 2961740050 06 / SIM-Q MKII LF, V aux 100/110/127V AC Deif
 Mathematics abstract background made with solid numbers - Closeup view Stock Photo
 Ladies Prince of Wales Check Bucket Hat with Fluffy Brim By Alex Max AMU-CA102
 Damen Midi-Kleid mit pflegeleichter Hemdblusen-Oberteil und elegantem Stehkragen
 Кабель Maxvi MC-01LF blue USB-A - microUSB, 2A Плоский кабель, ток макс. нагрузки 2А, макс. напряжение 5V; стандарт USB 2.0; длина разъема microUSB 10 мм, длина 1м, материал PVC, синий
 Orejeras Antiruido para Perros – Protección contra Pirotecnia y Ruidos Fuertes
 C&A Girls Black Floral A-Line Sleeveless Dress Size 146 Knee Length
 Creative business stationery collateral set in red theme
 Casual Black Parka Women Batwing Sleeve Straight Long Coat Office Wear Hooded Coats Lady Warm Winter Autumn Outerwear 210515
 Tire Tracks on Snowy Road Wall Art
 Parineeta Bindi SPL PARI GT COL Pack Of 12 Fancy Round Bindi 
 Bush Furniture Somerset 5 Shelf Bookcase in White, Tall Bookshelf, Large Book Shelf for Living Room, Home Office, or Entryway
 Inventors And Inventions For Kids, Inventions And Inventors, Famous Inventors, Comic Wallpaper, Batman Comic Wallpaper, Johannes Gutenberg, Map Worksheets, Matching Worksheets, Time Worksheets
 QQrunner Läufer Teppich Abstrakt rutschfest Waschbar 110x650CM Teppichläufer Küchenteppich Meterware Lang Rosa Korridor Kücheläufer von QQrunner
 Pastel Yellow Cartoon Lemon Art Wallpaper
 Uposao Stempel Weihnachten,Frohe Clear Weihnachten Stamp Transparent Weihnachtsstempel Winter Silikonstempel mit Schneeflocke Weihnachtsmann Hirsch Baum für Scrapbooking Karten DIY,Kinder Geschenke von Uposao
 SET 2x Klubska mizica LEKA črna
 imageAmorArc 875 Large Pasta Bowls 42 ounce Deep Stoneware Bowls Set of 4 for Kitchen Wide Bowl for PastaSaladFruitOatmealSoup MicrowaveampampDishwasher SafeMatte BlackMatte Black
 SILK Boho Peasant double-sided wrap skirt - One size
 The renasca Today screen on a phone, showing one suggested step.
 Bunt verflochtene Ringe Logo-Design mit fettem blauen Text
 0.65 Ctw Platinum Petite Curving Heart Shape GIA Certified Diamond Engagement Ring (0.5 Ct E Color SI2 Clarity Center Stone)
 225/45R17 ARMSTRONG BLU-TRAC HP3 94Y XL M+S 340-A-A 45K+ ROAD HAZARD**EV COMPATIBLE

• [ASSIGNMENT] Please copy nothing but the lines from the one that holds "Mathematics abstract background" through the last line of the material above, exactly as written.

• [EXERCISE OUTPUT]
 Mathematics abstract background made with solid numbers - Closeup view Stock Photo
 Ladies Prince of Wales Check Bucket Hat with Fluffy Brim By Alex Max AMU-CA102
 Damen Midi-Kleid mit pflegeleichter Hemdblusen-Oberteil und elegantem Stehkragen
 Кабель Maxvi MC-01LF blue USB-A - microUSB, 2A Плоский кабель, ток макс. нагрузки 2А, макс. напряжение 5V; стандарт USB 2.0; длина разъема microUSB 10 мм, длина 1м, материал PVC, синий
 Orejeras Antiruido para Perros – Protección contra Pirotecnia y Ruidos Fuertes
 C&A Girls Black Floral A-Line Sleeveless Dress Size 146 Knee Length
 Creative business stationery collateral set in red theme
 Casual Black Parka Women Batwing Sleeve Straight Long Coat Office Wear Hooded Coats Lady Warm Winter Autumn Outerwear 210515
 Tire Tracks on Snowy Road Wall Art
 Parineeta Bindi SPL PARI GT COL Pack Of 12 Fancy Round Bindi 
 Bush Furniture Somerset 5 Shelf Bookcase in White, Tall Bookshelf, Large Book Shelf for Living Room, Home Office, or Entryway
 Inventors And Inventions For Kids, Inventions And Inventors, Famous Inventors, Comic Wallpaper, Batman Comic Wallpaper, Johannes Gutenberg, Map Worksheets, Matching Worksheets, Time Worksheets
 QQrunner Läufer Teppich Abstrakt rutschfest Waschbar 110x650CM Teppichläufer Küchenteppich Meterware Lang Rosa Korridor Kücheläufer von QQrunner
 Pastel Yellow Cartoon Lemon Art Wallpaper
 Uposao Stempel Weihnachten,Frohe Clear Weihnachten Stamp Transparent Weihnachtsstempel Winter Silikonstempel mit Schneeflocke Weihnachtsmann Hirsch Baum für Scrapbooking Karten DIY,Kinder Geschenke von Uposao
 SET 2x Klubska mizica LEKA črna
 imageAmorArc 875 Large Pasta Bowls 42 ounce Deep Stoneware Bowls Set of 4 for Kitchen Wide Bowl for PastaSaladFruitOatmealSoup MicrowaveampampDishwasher SafeMatte BlackMatte Black
 SILK Boho Peasant double-sided wrap skirt - One size
 The renasca Today screen on a phone, showing one suggested step.
 Bunt verflochtene Ringe Logo-Design mit fettem blauen Text
 0.65 Ctw Platinum Petite Curving Heart Shape GIA Certified Diamond Engagement Ring (0.5 Ct E Color SI2 Clarity Center Stone)
 225/45R17 ARMSTRONG BLU-TRAC HP3 94Y XL M+S 340-A-A 45K+ ROAD HAZARD**EV COMPATIBLE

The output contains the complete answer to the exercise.